Read-across data from the decomposition products (n-butanol and titanium dioxide) is used for assessment, because the target substance is hydrolytically unstable having the half-life less than 2 hours (Brekelmans, M. J. C., 2013).n-Butanol, the degradation product of the target substance, is not likely to be a skin sensitizer since the substance has no classification as skin sensitizer according to EU regulation No. 1272/2008 (CLP).

Published information on titanium and TiO2 confirmed that there was no human evidence of skin sensitization, contact dermatitis or appreciable dermal absorption (Clayton & Clayton (eds.), 1981). There is also evidence of a lack of titanium compound toxicity to the skin demonstrated by its use in the therapy of skin disorders and as a biocompatible implant material (West & Wyzan, 1963 cited in WHO, 1982)

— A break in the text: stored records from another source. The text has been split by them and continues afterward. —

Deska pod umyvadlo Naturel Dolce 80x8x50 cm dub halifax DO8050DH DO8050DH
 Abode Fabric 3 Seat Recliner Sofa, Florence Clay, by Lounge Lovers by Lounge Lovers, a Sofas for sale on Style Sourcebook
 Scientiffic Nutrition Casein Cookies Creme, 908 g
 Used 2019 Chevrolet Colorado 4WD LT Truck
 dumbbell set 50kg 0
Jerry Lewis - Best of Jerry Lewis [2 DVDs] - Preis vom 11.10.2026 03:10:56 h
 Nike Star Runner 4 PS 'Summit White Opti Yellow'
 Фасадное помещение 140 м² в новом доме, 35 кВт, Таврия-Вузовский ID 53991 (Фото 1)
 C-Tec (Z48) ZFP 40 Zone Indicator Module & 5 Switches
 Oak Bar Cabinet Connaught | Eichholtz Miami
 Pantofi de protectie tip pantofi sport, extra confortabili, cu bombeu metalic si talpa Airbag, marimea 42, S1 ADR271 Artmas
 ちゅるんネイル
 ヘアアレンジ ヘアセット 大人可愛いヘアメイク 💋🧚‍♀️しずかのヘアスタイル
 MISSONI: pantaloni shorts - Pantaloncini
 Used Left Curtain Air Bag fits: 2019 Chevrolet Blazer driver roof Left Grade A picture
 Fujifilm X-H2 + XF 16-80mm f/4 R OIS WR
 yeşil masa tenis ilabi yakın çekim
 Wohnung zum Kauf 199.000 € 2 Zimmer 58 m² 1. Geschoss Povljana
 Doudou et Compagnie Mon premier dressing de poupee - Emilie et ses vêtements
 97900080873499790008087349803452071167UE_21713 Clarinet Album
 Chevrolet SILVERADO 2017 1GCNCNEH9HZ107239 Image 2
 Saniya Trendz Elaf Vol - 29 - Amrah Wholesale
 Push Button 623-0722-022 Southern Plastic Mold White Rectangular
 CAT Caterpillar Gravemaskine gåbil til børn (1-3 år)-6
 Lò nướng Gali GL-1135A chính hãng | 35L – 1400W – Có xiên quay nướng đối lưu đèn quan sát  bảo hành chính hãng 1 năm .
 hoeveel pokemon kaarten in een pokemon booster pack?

As a conclusion on skin sensitization, there is available enough information from the analogue category member and from the degradation products to support the conclusion that tetra-n-butyl titanate, polymer with water is not skin sensitizer.

Migrated from Short description of key information:
Primary sensitization study in guinea pigs: negative (conducted for the analogue substance)

Justification for selection of skin sensitisation endpoint:
There is not available sensitisation study for the target substance. This primary sensitisation study in guinea pigs was conducted for the analogue category member. Both the analogue substance and the target substance hydrolyze rapidly in aqueous solutions releasing n-butanol.

Respiratory sensitisation

Endpoint conclusion

Endpoint conclusion:

no study available

Justification for classification or non-classification

Tetra-n-butyl titanate, polymer with water is not classified for skin sensitization in accordance to the CLP Regulation No. 1272/2008 and EU Directive 67/548/EEC.